Create Term Frequency with tfid vector based on the clean_title column of the movies dataframe. This term frequency will identify if there are similarities in the titles that are searched. The term frequency is used to rank the titles according to their relative significance.

Next, I created a search function. This module received the movie title as an input, and then ran the clean_title function to remove uneccessary characters. Then the module created a matrix based on similar titles and then returned the results of the 10 closest results. 

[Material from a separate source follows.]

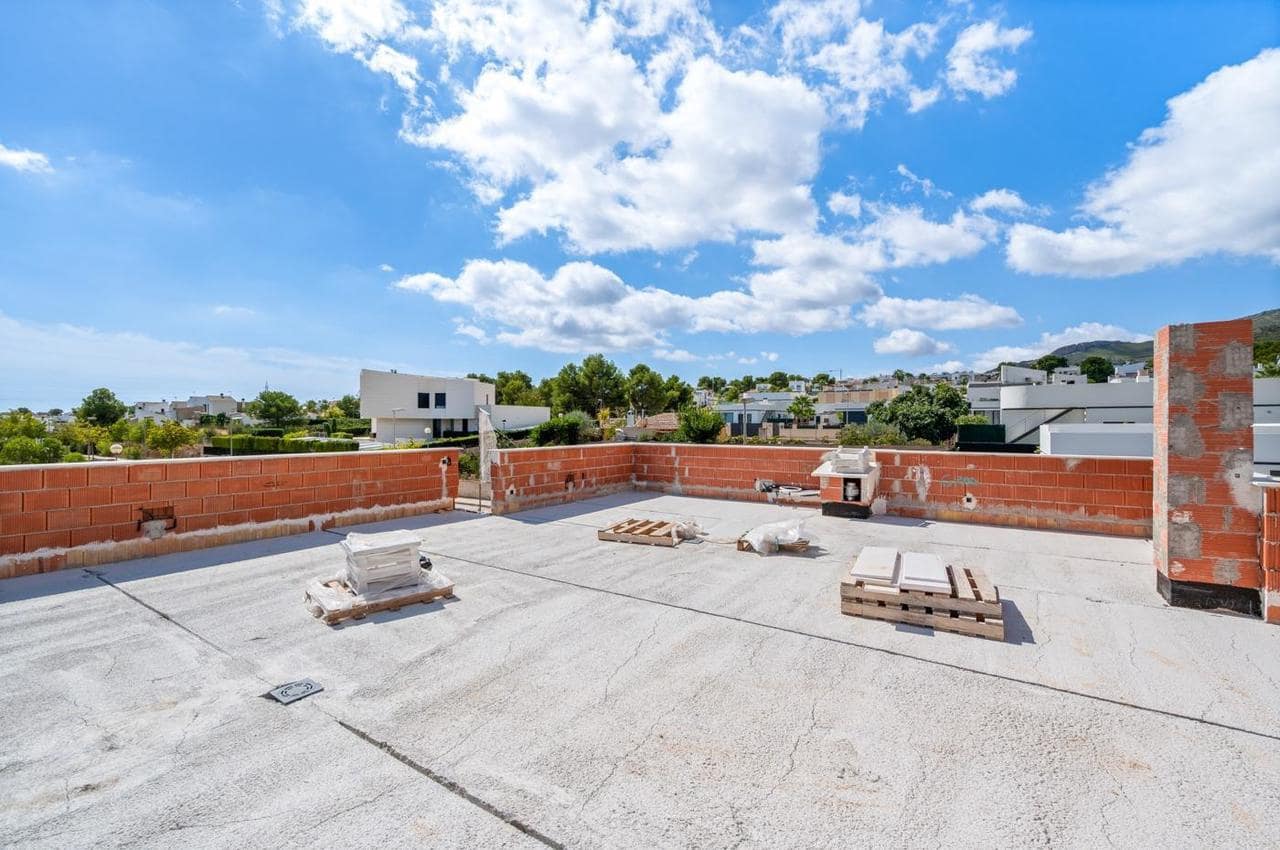 5 bedroom Villa for sale in Polop - € 568,000 (Ref: 9392585)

Then I created a function that finds similar movies based on the movieId searched. This was done by creating an array of similar users this was done by finding users that rated movies in a similar manner, so any users that rated individual movies higer than a 4 [4.5 or 5] were then grouped into this similar users group. Then I created a similar users rec variable that finds ratings that are within the similar users array.  This was then used to find the count of similar user recs divided by the number of similar users and I then took the top 10% of those recommendations. Next, I created an all_users variable which finds out what all users thought about each movie. This all users recommendation variable was then used to find the difference of what similar users rated movies versus what all users rated those movies. And that recommendation difference was used to create a score that helped sort movies and only return the top 10 movies with the highest score. 

Lastly, I created a widget, this would be used for a user to input a movie that they liked, or a movie they wanted to see similar movies to. This was done by creating a movie name input variable wich used the widget function and you input the movie title into it. The recommendation list was the output of this widget function. The recommendation list is based on the title that was input into the text widget, and then the title search function that returns titles that are similar in text frequency matrix and then finds movies that have the highest recommendation score. The output is then the display of the 10 movies most closely related to the search.